Hour of Decision. The Government of India and Congress had matched strength four times previously, but this time the result might be different. Congress insisted that it would not yield an inch. So in private, did the British. Like the antagonists in a great tragedy, the two forces seemed to be moving along appointed grooves to an appointed, unalterable end--disaster.
But not until Aug. 7 would the Congress Working Committee's proposal be submitted to the party's general committee. In the meantime many things might happen, many other counsels might prevail. At week's end one of the Congress papers attempted to suggest an alternative. Said the Delhi Evening National Call: "As we look around we find that there is only one man and one country that can save the United Nations from a fatal catastrophe and the cause they represent--that man is President Roosevelt and that country is the United States."
It was a week of history in India, but it seemed that less than 1% of 1% of India's millions realized its implications. Along the fringes of India blackouts reigned in Calcutta, Bombay and Colombo, but nightclubs plied their trade and hotels were fuller than ever. Chief event of the week was the departure of Prince Henry, Duke of Gloucester. A conscientious soldier, the Duke had made an exhausting 9,000-mile trip from one end of India to the other, holding countless reviews, eating innumerable dinners with princelings, ministers and soldiers. He was called "Sunshine" by newspapermen.
Despite the heat, the Government hung on doggedly at New Delhi as a gesture to the war effort. Air-cooled movies offered U.S. pictures. But none could compare with Jhoola, an Indian epic of love & song running riot in its 21st week to enthusiastic audiences at the Jubilee Theater.
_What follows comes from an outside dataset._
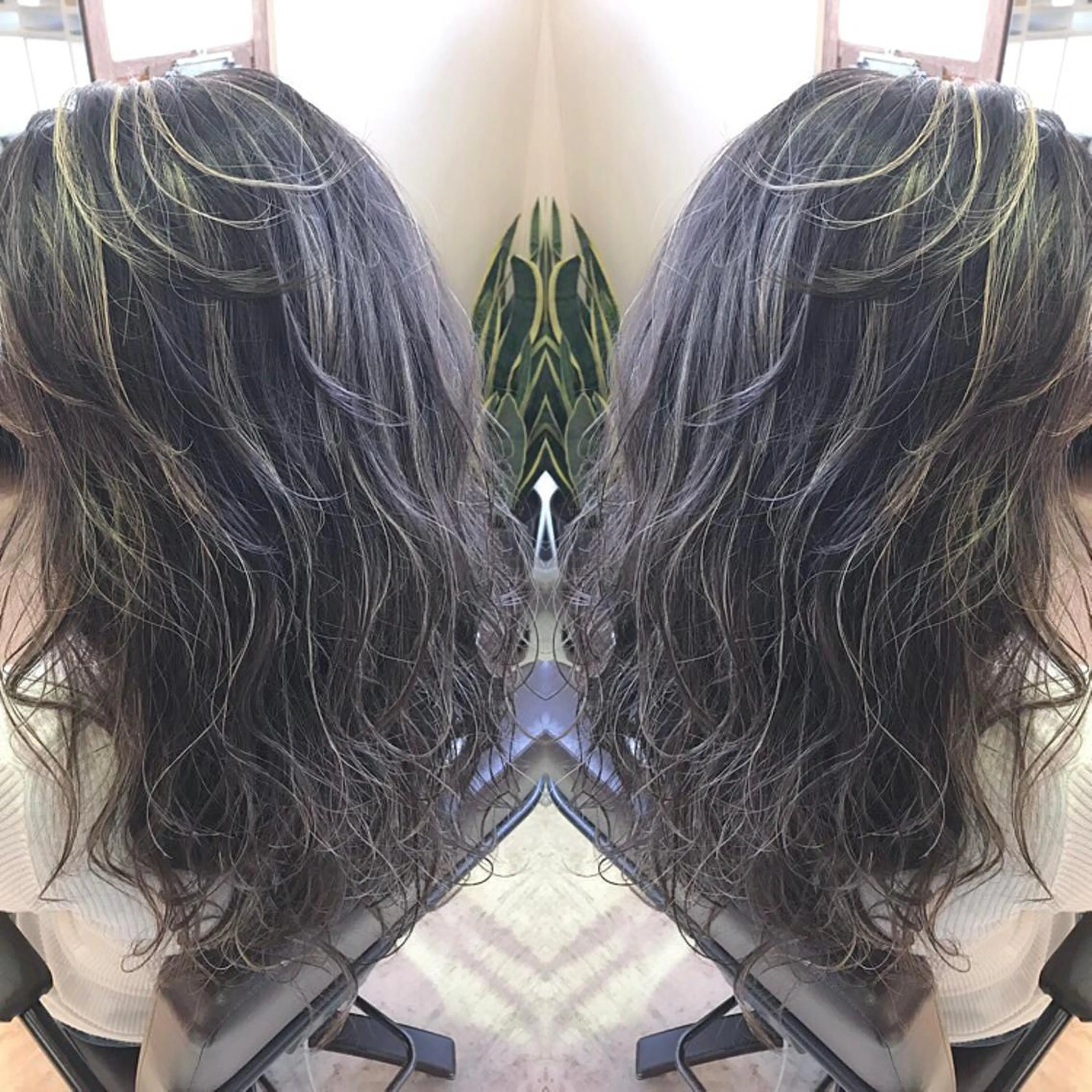 セミロング カラー グレージュ ハイライトカラー ハイライト 青木 茂樹⭐️ 透明感カラーのヘアスタイル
It seemed impossible for both Americans and Britons, fresh out from home and arriving full of vim & vigor, not to fall into the cushioned grooves of normal Delhi society. Americans were happy with a new batch of air mail, including copies of TIME. But they itched and scratched with prickly heat; some of Delhi's victims treated it with table salt, others used antiseptic solutions; all scratched.